David Menninger's Analyst Perspectives

Hortonworks Helps IBM Big Data Potential with Hadoop

Written by David Menninger | Sep 4, 2017 4:35:36 PM

Recently Hortonworks announced some significant additions to its products at the DataWorks Summit. These additions reflect the fact that the big data market continues to evolve, as I have previously written.

Along with this evolution, the focus is changing from the technical aspects of storing and managing very large amounts of data to applying analytics to the data to improve business outcomes. This theme underlies one of Hortonworks’ key announcements: the company has partnered with IBM to combine the Hortonworks Data Platform (HDP) with the machine learning capabilities of IBM’s Data Science Experience and IBM Big SQL. In turn IBM will adopt HDP for its Hadoop distribution.

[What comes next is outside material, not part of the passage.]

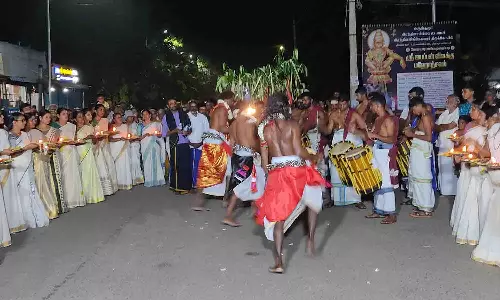 ரத்தினலிங்கேஸ்வரர் கோவிலில் அய்யப்பன் விளக்கு பூஜை வழிபாடு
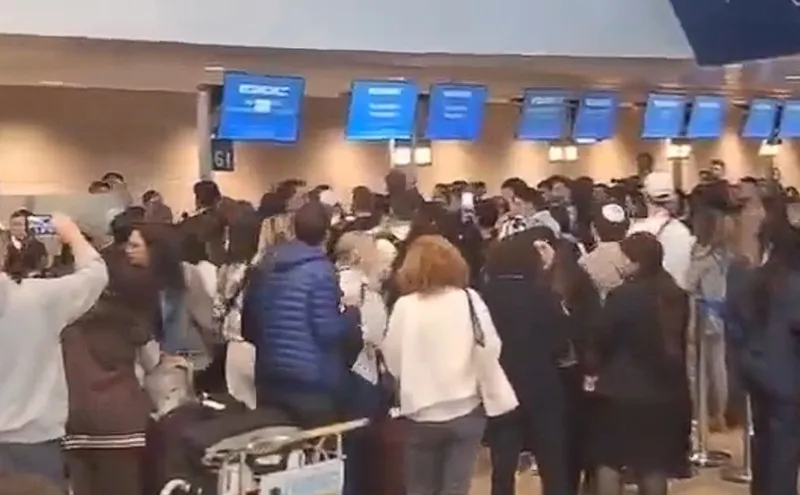 israilliler-kaciyor-ben-gurion-havalimani-karisti-1773125656277.jpeg İsrailliler kaçıyor: Ben Gurion Havalimanı karıştı-3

The announcement indicates consolidation in the Hadoop segment of the big data market. As recently as three years ago there were six major vendors offering Hadoop distributions. There currently are just three primary Hadoop distributions: from Hortonworks, Cloudera and MapR. More important than consolidation from my perspective, though, is the broadening of the Hortonworks product line. The new machine learning and data science capabilities address the shift in the overall big data market to include the analytics that businesses need to make sense of big data and improve business outcomes. Our Big Data Analytics Benchmark Research identifies predictive analytics and statistics as the most important types of analytics for big data. I’ve written about the importance of predictive analytics (including machine learning) and we are currently furthering our understanding of this topic with a Dynamic Insights research study. I encourage you to participate.

The Hortonworks product line originally consisted primarily of the Apache Hadoop distribution. Hortonworks has focused on delivering a pure open-source version of the big data stack and has found significant acceptance in the market, generating $200 million in revenue in the last four quarters according to its most recent financial statements. In the latter part of 2015 the company added Hortonworks Data Flow (HDF) to the core big data management components of HDP to process streaming data commonly associated with big data implementations.

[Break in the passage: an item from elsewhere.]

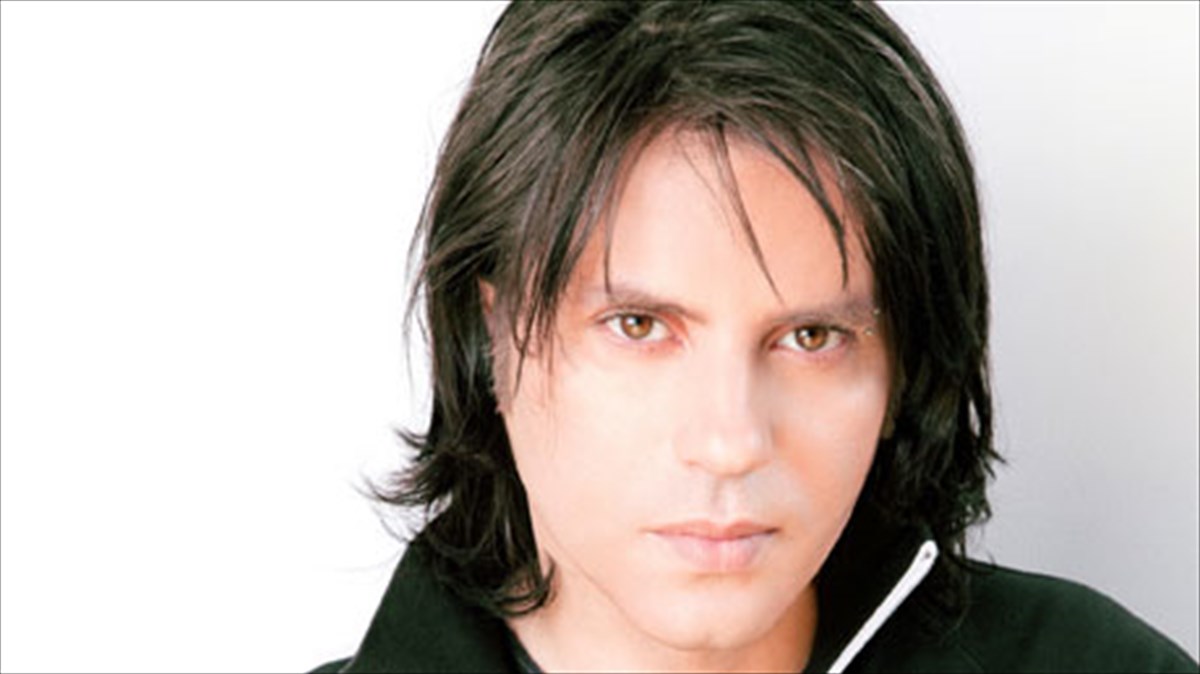 o-dimitris-korgialas-se-unplugged-set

With these two pieces in place, Hortonworks customers could manage data at rest with HDP and data in motion with HDF, but there was still a missing piece: analytics. Using Hortonworks products, customers could manage the Vs of big data (volume, velocity and variety) but not the As (analytics, awareness, anticipation, and action), which, as I have written, is where the market is headed. The IBM data science and machine learning products fill this gap by providing a set of tools that can be used to perform the types of analytics necessary to derive the maximize value from big data.

With these added pieces, Hortonworks now has a more complete offering to meet more of its customers’ big data needs. The IBM relationship may also prove to benefit the company’s market share; if IBM’s global sales organization puts its muscle behind HDP it could help expand Hortonworks’s sales significantly.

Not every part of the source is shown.